▸ WHAT TO DO: Taking the listing below, restate word for word each line from the line with "Supermicro SYS-120C-TR CloudDC SuperServer" to the line with "La Cabana Băile Borşa Eksteriør bilde", ends included, and stop there.

▸ MATERIAL SUPPLIED:
== Segment start ==

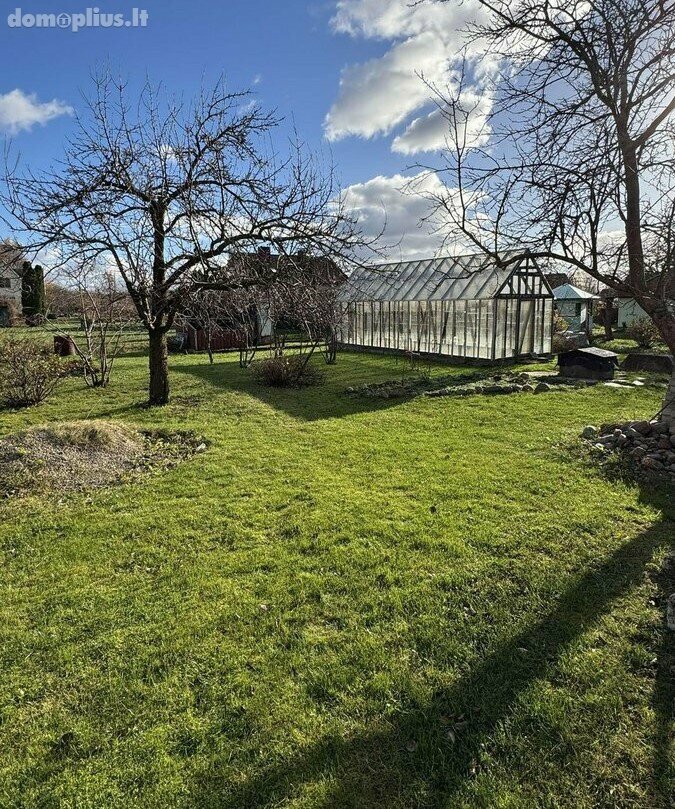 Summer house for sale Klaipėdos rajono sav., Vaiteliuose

== Segment end ==
== Segment start ==

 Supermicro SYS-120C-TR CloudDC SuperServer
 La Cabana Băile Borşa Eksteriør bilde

== Segment end ==

▸ RESPONSE TO THE EXERCISE:
 Supermicro SYS-120C-TR CloudDC SuperServer
 La Cabana Băile Borşa Eksteriør bilde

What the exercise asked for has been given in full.